Briefly, within the context of the present invention, an active agent should be understood to be any molecule, either synthetic or naturally occurring, which acts to inhibit vascular growth, reduce vascular permeability, and/or decrease inflammation. In particular, the present invention provides compositions comprising an insoluble, or poorly is soluble, active agent in a therapeutically effective amount in an intraocular suspension containing high molecular weight PEG (i.e., MW≧2000) for ophthalmic use. As used herein, when referring to a PEG of a particular molecular weight, the term “PEG” will be followed by a number, indicating the molecular weight for that particular PEG. For example, PEG 400 refers to a PEG having a molecular weight of approximately 400. Of course, the skilled artisan will understand that a designation of PEG 400 will refer to a range of PEGs having molecular weights of about 400 and will encompass PEGs with molecular weights above or below 400 by anywhere from 1-50%

Polyethylene glycols (PEGs) are widely used in a variety of pharmaceutical formulations including parenteral, topical, ophthalmic, oral and rectal preparations. PEGs are stable, hydrophilic substances and are non-irritating to the skin.

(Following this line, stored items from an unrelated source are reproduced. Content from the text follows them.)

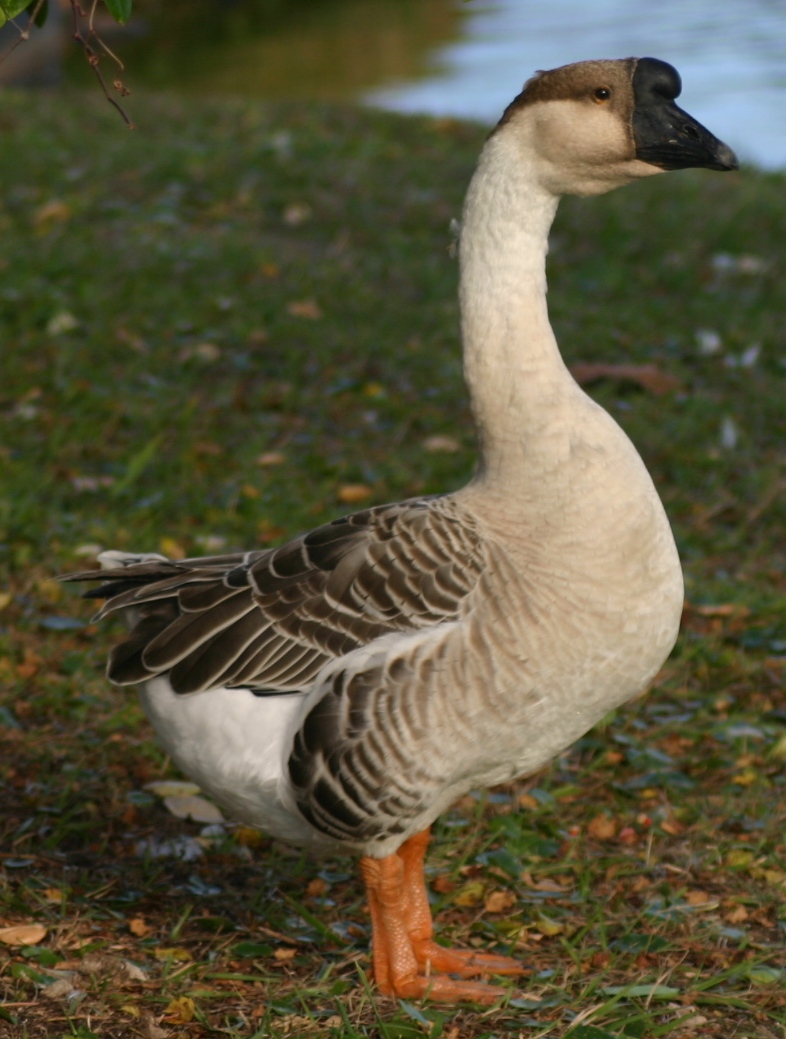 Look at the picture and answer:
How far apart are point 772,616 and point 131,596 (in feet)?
8.86

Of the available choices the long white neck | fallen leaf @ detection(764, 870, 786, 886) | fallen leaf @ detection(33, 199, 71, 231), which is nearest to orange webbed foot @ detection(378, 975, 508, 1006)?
fallen leaf @ detection(764, 870, 786, 886)

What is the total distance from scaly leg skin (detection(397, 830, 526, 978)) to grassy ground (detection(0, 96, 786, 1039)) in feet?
0.30

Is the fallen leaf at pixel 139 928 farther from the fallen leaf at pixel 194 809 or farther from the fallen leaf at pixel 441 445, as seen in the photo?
the fallen leaf at pixel 441 445

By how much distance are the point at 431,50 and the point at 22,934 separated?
64.9 feet

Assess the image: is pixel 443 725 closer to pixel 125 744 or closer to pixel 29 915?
pixel 29 915

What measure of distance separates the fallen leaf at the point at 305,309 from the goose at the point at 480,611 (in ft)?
14.3

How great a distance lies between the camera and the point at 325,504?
5.83m

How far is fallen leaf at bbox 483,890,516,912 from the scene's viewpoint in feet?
12.0

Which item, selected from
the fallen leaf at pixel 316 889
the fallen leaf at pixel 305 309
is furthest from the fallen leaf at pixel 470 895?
the fallen leaf at pixel 305 309

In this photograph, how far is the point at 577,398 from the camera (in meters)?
3.20

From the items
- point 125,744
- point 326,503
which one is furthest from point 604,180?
point 326,503

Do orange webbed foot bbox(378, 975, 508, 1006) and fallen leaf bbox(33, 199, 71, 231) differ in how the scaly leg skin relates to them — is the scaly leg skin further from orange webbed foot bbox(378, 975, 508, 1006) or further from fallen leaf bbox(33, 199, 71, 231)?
fallen leaf bbox(33, 199, 71, 231)

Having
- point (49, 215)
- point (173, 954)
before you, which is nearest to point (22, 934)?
point (173, 954)

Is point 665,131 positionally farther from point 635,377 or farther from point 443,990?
point 635,377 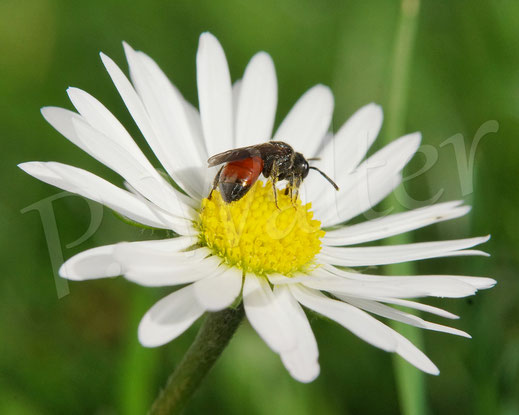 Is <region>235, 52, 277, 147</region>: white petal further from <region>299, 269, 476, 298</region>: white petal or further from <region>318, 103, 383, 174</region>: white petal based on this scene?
<region>299, 269, 476, 298</region>: white petal

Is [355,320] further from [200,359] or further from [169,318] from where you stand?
[200,359]

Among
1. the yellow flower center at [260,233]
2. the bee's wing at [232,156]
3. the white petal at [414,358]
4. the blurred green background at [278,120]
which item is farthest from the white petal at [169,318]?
the blurred green background at [278,120]

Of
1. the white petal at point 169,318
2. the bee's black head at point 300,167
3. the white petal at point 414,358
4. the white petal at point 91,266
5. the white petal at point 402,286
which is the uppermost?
the bee's black head at point 300,167

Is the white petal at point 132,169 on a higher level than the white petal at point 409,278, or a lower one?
higher

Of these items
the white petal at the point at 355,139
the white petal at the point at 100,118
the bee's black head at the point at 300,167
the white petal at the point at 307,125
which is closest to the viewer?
the white petal at the point at 100,118

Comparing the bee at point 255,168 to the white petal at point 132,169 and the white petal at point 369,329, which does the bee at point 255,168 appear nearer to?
the white petal at point 132,169

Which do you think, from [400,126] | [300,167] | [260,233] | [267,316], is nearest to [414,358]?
[267,316]

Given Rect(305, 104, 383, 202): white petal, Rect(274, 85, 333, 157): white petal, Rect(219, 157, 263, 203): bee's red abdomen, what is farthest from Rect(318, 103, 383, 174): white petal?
Rect(219, 157, 263, 203): bee's red abdomen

The present invention is based, in part, upon the discovery that intraocular suspensions incorporating PEGs with higher molecular weights (i.e., MW≧2000) as a suspending agent provides a composition that can be delivered directly to the eye of a patient suffering from an ocular disorder via a needle.

A higher molecular weight PEG (MW≧2000) is preferred over low molecular weight PEG (e.g., PEG 400) because it keeps tonicity of the formulations within ophthalmically acceptable ranges, even at very high concentrations. This allows for injection of a higher volume of the composition (e.g., 100 μl) into the vitreous of the patient. Higher molecular weight PEGs will also remain in the vitreous for a longer period of time and may provide a higher concentration of the active agent over a longer period of time.

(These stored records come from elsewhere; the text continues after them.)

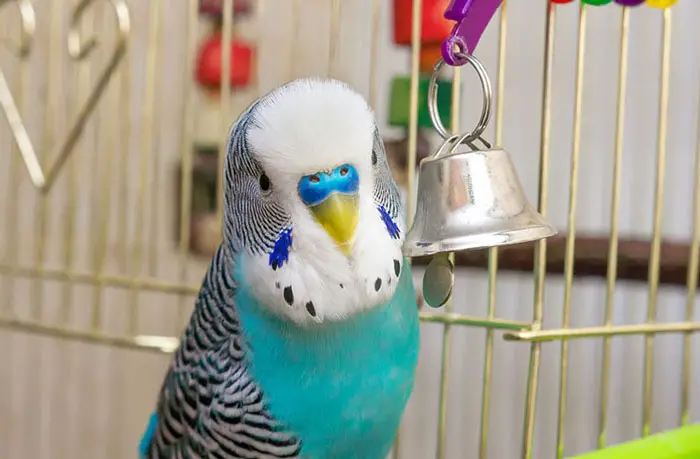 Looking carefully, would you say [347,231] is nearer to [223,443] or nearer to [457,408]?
[223,443]

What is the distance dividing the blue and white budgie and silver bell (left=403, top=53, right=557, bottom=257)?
72mm

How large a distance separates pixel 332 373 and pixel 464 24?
10.8 inches

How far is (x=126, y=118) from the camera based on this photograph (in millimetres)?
965

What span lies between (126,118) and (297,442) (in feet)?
1.85

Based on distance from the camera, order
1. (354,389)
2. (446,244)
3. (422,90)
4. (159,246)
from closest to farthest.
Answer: (446,244) < (354,389) < (422,90) < (159,246)

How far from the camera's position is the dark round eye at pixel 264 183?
1.77 ft

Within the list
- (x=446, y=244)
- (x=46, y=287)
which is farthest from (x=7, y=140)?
(x=446, y=244)

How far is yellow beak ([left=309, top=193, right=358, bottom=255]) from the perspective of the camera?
1.65 ft

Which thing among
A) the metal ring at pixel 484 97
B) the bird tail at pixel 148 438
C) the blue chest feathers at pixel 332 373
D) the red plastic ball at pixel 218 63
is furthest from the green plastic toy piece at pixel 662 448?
the red plastic ball at pixel 218 63

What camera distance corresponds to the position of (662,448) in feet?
1.90

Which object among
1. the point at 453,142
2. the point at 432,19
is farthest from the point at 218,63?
the point at 453,142

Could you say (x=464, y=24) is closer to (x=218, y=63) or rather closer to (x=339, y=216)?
(x=339, y=216)

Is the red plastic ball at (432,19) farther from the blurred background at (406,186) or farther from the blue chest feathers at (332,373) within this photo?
the blue chest feathers at (332,373)

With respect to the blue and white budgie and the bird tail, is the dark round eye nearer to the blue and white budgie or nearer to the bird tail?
the blue and white budgie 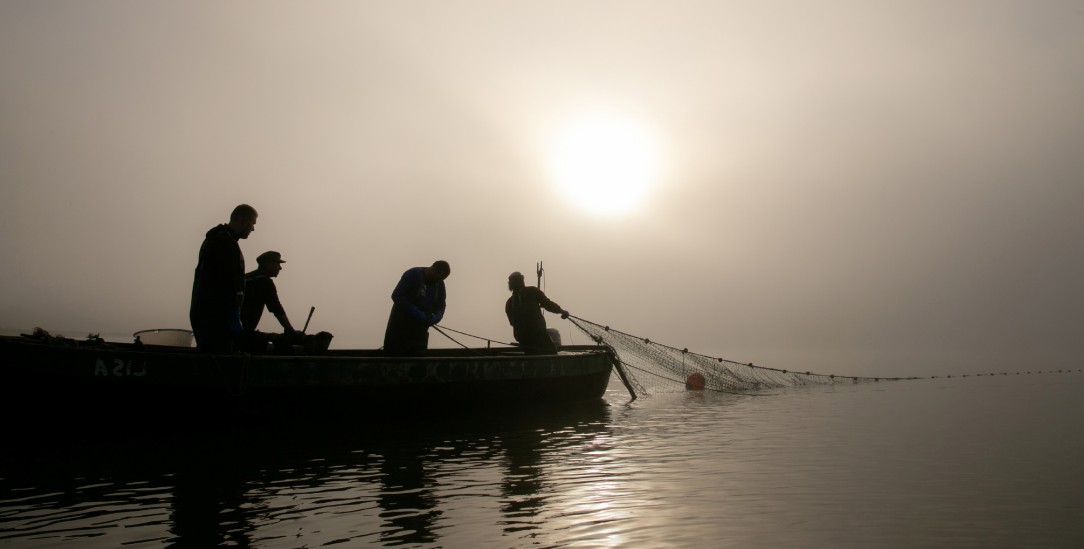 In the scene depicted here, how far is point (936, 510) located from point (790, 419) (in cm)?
841

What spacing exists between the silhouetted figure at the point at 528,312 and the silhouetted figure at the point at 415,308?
3.69 m

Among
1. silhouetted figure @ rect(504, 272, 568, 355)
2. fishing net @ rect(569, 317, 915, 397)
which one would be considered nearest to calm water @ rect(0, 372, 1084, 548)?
silhouetted figure @ rect(504, 272, 568, 355)

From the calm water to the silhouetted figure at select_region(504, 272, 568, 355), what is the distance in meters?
3.97

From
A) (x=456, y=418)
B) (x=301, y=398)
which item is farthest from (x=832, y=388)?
(x=301, y=398)

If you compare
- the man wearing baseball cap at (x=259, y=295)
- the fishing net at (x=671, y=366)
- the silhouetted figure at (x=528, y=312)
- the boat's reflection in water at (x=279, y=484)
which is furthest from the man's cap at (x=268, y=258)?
the fishing net at (x=671, y=366)

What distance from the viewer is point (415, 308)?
12.5m

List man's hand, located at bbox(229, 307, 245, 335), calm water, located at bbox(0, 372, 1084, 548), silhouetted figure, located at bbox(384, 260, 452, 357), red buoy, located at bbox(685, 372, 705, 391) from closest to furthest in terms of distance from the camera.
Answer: calm water, located at bbox(0, 372, 1084, 548), man's hand, located at bbox(229, 307, 245, 335), silhouetted figure, located at bbox(384, 260, 452, 357), red buoy, located at bbox(685, 372, 705, 391)

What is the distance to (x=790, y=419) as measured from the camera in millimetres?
14156

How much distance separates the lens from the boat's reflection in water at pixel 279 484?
5.31m

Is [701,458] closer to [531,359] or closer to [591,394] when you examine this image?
[531,359]

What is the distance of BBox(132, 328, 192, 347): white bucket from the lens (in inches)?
471

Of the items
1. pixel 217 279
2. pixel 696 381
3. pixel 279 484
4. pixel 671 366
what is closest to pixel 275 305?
pixel 217 279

The use of PEG as a suspending agent in intraocular suspensions provides certain advantages over other types of compositions containing poorly soluble active agents. The high molecular weight PEG with concentrations >10% can increase density and viscosity of the suspensions. The density of PEG is about 1.08. Thus, a composition containing a high molecular weight PEG as a suspending agent may sink to the bottom of the vitreous when injected into the eye, whereas a composition based on a substance of lower density may remain at the site of injection or float within the vitreous.

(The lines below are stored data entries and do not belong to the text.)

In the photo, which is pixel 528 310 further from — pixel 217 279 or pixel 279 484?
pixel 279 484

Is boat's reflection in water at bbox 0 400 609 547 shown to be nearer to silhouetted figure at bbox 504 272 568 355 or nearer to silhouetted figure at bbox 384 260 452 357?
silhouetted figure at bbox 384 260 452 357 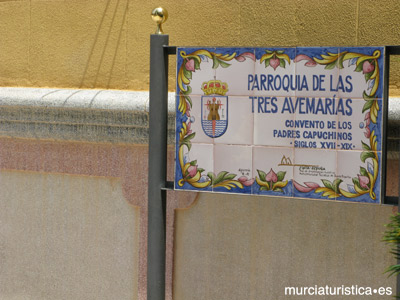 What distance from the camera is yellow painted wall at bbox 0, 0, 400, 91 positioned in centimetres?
679

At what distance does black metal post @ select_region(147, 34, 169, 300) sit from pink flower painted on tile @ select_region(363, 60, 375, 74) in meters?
1.54

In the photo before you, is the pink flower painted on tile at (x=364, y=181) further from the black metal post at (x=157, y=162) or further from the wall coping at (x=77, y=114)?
the wall coping at (x=77, y=114)

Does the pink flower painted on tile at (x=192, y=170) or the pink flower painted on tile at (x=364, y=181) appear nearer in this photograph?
the pink flower painted on tile at (x=364, y=181)

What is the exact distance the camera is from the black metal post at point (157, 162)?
6.50 meters

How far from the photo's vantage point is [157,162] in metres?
6.56

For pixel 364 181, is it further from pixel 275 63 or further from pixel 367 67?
pixel 275 63

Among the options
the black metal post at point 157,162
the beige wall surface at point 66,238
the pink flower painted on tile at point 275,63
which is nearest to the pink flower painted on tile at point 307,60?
the pink flower painted on tile at point 275,63

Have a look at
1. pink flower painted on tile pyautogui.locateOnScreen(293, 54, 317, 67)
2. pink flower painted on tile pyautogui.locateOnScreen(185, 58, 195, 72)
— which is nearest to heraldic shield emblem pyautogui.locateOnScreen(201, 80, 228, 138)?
pink flower painted on tile pyautogui.locateOnScreen(185, 58, 195, 72)

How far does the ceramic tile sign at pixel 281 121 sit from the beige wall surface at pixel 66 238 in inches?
57.2

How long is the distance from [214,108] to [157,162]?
634 millimetres

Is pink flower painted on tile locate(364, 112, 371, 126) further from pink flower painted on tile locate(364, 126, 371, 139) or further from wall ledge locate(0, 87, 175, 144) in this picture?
wall ledge locate(0, 87, 175, 144)

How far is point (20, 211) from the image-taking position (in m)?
8.30

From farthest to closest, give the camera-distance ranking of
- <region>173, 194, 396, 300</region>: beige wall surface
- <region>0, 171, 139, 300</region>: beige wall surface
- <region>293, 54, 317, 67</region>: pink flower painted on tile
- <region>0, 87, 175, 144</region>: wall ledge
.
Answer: <region>0, 171, 139, 300</region>: beige wall surface, <region>0, 87, 175, 144</region>: wall ledge, <region>173, 194, 396, 300</region>: beige wall surface, <region>293, 54, 317, 67</region>: pink flower painted on tile

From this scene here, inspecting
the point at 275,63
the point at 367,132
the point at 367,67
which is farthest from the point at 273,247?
the point at 367,67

The use of PEG as a suspending agent results in slow settling as well as loosely settled or flocculated sediment. This is in contrast to other non-ionic polymers, such as hydroxypropyl cellulose and hydroxyethyl cellulose, which generally increase only viscosity. As a result they slow down settling, but the settled sediment is tightly packed and is difficult to resuspend. The sediment in PEG-based suspensions is either flocculated or loosely packed, and therefore, is easy to resuspend.

Additional advantages related to the use of high molecular weight PEGs, as compared to conventional polymers include an increase in solubility of poorly soluble active agents and higher density. Increased solubility for poorly soluble active agents may allow for increased bioavailability of the active agent to the target tissues. Furthermore, high molecular weight PEG may stay in the vitreous for a longer period of time, thereby allowing sustained deliver of the active agent. The higher density of the suspension allows to the suspension to sink to the bottom of the vitreous, thereby avoiding obstruction of vision.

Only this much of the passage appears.